Rule 2: The size of the workload of a single location file (and the PQ slave that processes it) is the sum of the content size of the HDFS files it lists

For example, if a location file lists 5 HDFS files which are each 100GB in size, the workload size for that location file is 500GB.

The number of location files that you generate is something you control by providing a number as input to OSCH’s External Table tool.

Rule 3: The number of location files chosen should be a small multiple of the DOP

Each location file represents one workload for one PQ slave. So the goal is to keep all slaves busy and try to give them equivalent workloads. Obviously if you run with a DOP of 8 but have 5 location files, only five PQ slaves will have something to do and the other three will have nothing to do and will quietly exit. If you run with 9 location files, then the PQ slaves will pick up the first 8 location files, and assuming they have equal work loads, will finish up about the same time. But the first PQ slave to finish its job will then be rescheduled to process the ninth location file, potentially doubling the end to end processing time. So for this DOP using 8, 16, or 32 location files would be a good idea.

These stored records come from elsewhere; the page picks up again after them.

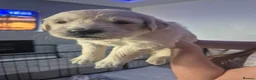 Golden Retriever dogs for sale: 1 female  5* Home-Raised Golden Retriever Puppies - Advert 7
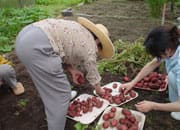 利用者の方と芋ほりしました。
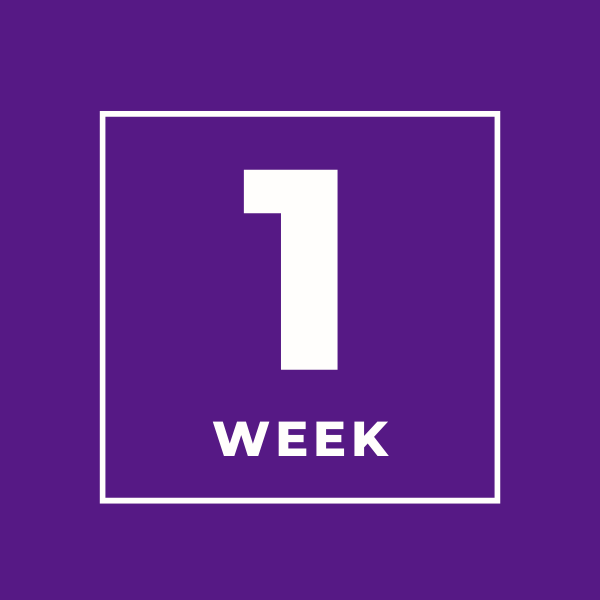 We are just ONE WEEK away from our 6th Annual Educating the Whole Child Summit: Stories of Success in Plainfield, Indiana on January 19, 2024!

Determining the Number of HDFS Files

Let’s start with the next rule and then explain it:

Rule 4: The number of HDFS files should try to be a multiple of the number of location files and try to be relatively the same size


In our running example, the DOP is 8. This means that the number of location files should be a small multiple of 8. Remember that each location file represents a list of unique HDFS files to load, and that the sum of the files listed in each location file is a workload for one Oracle PQ slave. The OSCH External Table tool will look in an HDFS directory for a set of HDFS files to load.  It will generate N number of location files (where N is the value you gave to the tool). It will then try to divvy up the HDFS files and do its best to make sure the workload across location files is as balanced as possible. (The tool uses a greedy algorithm that grabs the biggest HDFS file and delegates it to a particular location file. It then looks for the next biggest file and puts in some other location file, and so on). The tools ability to balance is reduced if HDFS file sizes are grossly out of balance or are too few.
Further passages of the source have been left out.